What you need to do
Check each line of the listing, and copy it if it contains the word "Image".

Content starts

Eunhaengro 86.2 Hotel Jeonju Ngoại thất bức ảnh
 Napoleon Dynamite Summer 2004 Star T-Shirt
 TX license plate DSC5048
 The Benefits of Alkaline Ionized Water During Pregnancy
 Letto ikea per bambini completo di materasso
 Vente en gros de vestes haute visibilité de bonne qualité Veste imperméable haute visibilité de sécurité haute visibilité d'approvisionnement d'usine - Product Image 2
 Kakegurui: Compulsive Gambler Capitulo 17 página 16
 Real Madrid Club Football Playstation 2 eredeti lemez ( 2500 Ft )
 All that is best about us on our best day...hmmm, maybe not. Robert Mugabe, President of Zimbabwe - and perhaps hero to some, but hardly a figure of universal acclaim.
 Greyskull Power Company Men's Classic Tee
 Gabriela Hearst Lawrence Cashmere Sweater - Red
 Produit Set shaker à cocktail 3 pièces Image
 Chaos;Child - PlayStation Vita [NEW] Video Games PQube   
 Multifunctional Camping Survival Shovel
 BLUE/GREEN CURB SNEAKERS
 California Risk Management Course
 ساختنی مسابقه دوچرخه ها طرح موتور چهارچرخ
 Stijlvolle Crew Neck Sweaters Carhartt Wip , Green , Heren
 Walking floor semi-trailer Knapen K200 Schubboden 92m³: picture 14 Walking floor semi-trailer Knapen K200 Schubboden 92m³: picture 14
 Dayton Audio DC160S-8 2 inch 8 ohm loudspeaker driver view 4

Content ends

The answer
 Vente en gros de vestes haute visibilité de bonne qualité Veste imperméable haute visibilité de sécurité haute visibilité d'approvisionnement d'usine - Product Image 2
 Produit Set shaker à cocktail 3 pièces Image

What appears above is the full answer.